Spatial practice is closely related to perceived space. It is the space secreted by society, recursively reifying it. The perceived can be thought of as falling between that which is sensed, the raw experience, and what we believe, or the conceived. Beliefs and expectations alter or condition perception, which we then take as given. This notion is exemplified in experiments in change blindness. A simple predisposition, such as trying to count the number of passes a group makes with a basketball, can make one completely oblivious to a blatant dynamic event, such as a person in a gorilla suit dancing among the players (Simons and Chabris 1999). For Lefebvre, the perceived of everyday space falls between daily routine and the infrastructure that allows it—the actual routes and networks that organize the daily routine. Ultimately, it is in spatial practice that the effects of ubiquitous or pervasive computing design will be felt and internalized. Computing is part of the infrastructure that organizes daily life.

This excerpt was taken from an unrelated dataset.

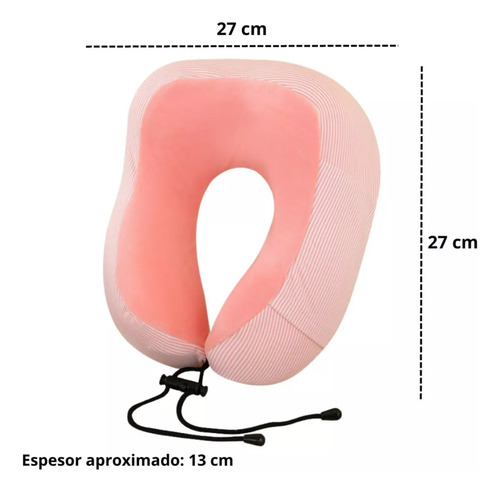 Cojín Para Cuello Modelo Rayado Ajustable Para Viajes Largos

Representations of space refer to conceived space. It is the space of scientists, architects, urban planners and all who privilege the cognitive over the perceptual or lived. It is the dominant space in our society, and it is the space of contemporary visual and computing cultures. It is a mental space separated from physical space, or abstract space imposed on concrete space.
Representational space corresponds to lived space. This is where meaning resides. It is “directly lived through its associated images and symbols”. It is the passively experienced space that overlays physical space, which the imagination is able to change and appropriate. Representational spaces “tend toward more or less coherent systems of non-verbal symbols and signs”. In trying to infuse spaces with life through computational media, the goal is to move the design of computing systems from representations of space to representational space, from conceived to lived space.
These spaces are not always clearly differentiable; they overlap and intermingle in varying intensities. Lefebvre states that in order to understand these three moments of social space, one can map them to the body. The spatial terms (spatial practice, representations of space, representational space) are analogous to the bodily triad of perceived—conceived—lived.
How do we use computational media to make meaningful spaces? The tacit philosophy of the machine may be ill-equipped for this task. The problem is one of perceived divides between mind and body, body–environment, and environment–mind. If we choose to keep these categories, Lefebvre’s articulation of the everyday can provide a framework for their reconciliation. Ultimately, it is at the level of the everyday, the lived, in which we wish to make a difference.
Lefebvre dissects the everyday spatially, into physical space, mental space, and social space. Social space is special in this breakdown, since it operates between and overlaps with both the physical and the mental. Social space is necessarily physical in that it is comprised of individuals. It is also necessarily mental, or abstract, in that part of its manifestation is non-physical. Lefebvre further breaks down social space into yet another triad that somewhat reflects his original structure of the everyday. Social space can be dissected into the triad of spatial practice, representations of space and representational space—representational space being a space of meaning.
Lefebvre describes the body in the triad of perceived, conceived, and lived. Here, the lived is the special term, reconciling that which is perceived with that which is conceived. By aligning Lefebvre’s various triads, a pattern emerges where everyday life, social space, and meaning correspond to the lived body.
In this diagram, the chasm between physical reality and abstract thought is filled with life. In the pursuit of creating environments that are meaningful for everyday life, an emphasis solely on intelligence results in an imbalance. With this methodology, the pursuit of design is not intelligent environments but a space alive.